** Opening Provided entries block **
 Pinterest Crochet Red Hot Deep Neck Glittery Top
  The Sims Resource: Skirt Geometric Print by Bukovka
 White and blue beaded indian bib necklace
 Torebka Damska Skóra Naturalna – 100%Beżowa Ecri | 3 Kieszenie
** Closing Provided entries block **
** Opening Provided entries block **
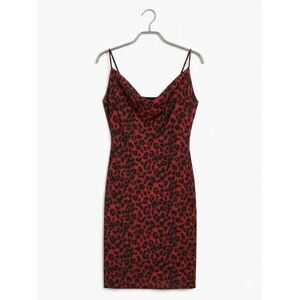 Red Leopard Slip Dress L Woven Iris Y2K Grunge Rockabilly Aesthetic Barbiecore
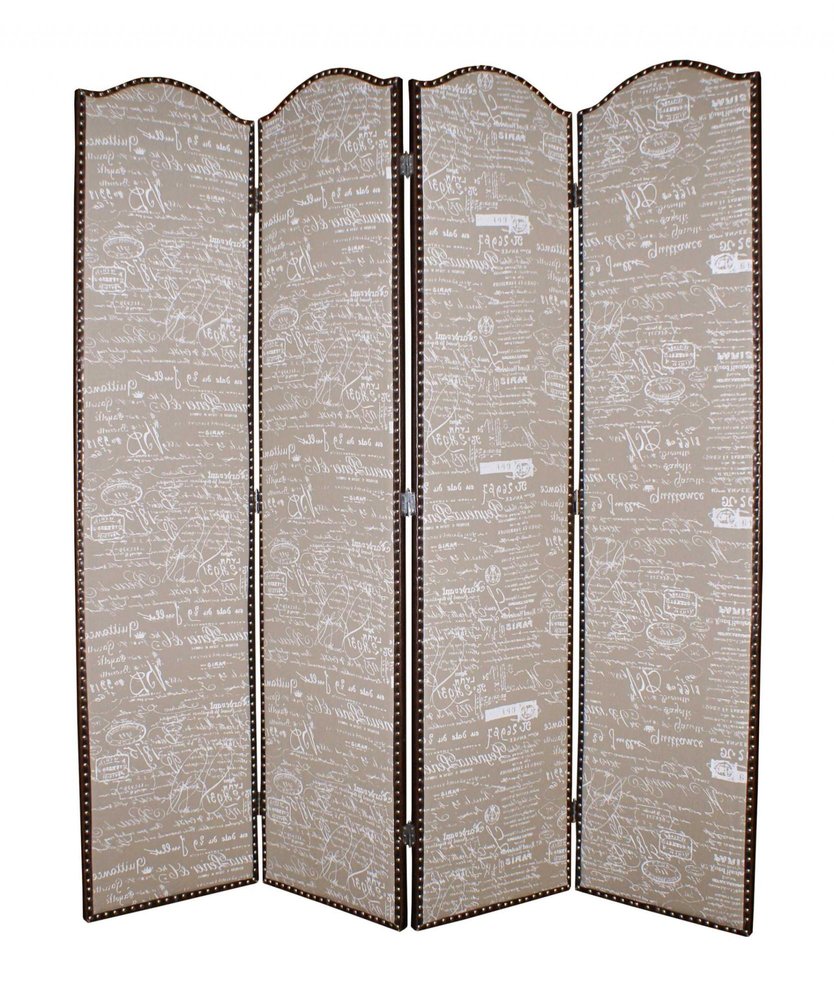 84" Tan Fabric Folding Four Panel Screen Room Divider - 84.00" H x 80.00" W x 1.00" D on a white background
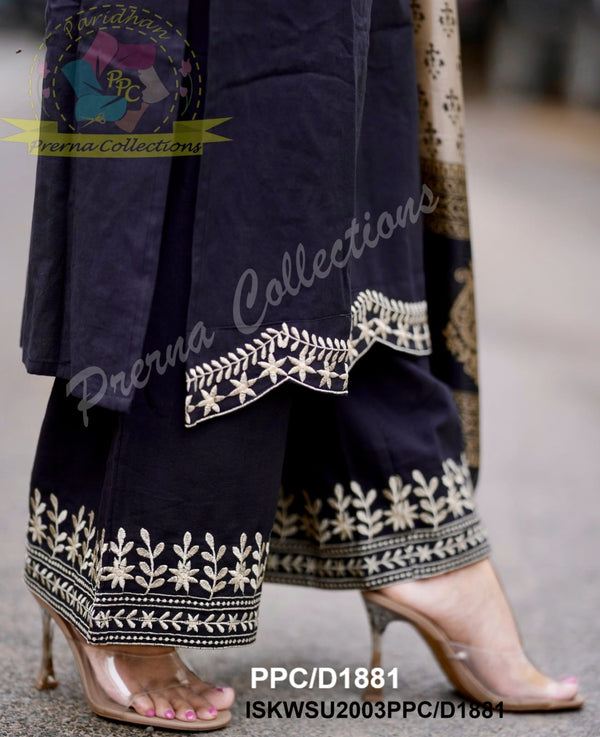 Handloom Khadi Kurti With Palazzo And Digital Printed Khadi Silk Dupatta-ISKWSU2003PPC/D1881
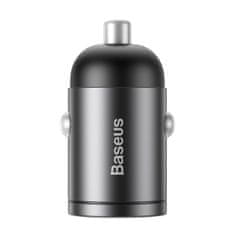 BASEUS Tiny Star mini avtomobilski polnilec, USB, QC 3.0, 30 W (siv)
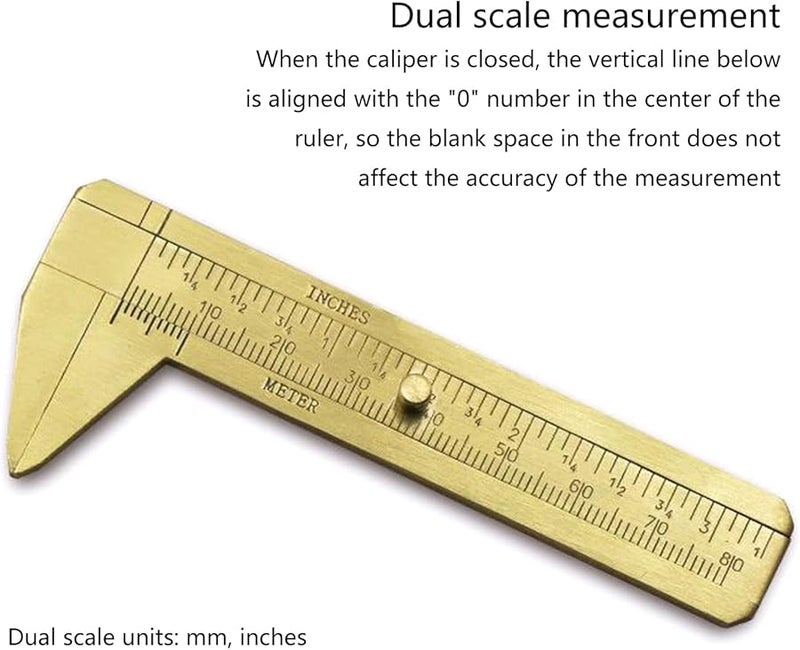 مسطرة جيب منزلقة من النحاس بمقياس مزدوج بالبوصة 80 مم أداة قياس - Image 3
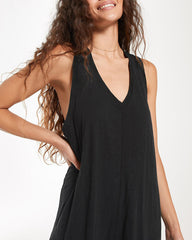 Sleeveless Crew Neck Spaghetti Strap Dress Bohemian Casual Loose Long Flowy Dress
** Closing Provided entries block **
**Goal of the exercise:**
The reply should hold exactly the lines above, starting at the line with "BASEUS Tiny Star" and ending at the line with "Sleeveless Crew Neck", and no pictures.

**Written answer:**
 BASEUS Tiny Star mini avtomobilski polnilec, USB, QC 3.0, 30 W (siv)
 مسطرة جيب منزلقة من النحاس بمقياس مزدوج بالبوصة 80 مم أداة قياس - Image 3
 Sleeveless Crew Neck Spaghetti Strap Dress Bohemian Casual Loose Long Flowy Dress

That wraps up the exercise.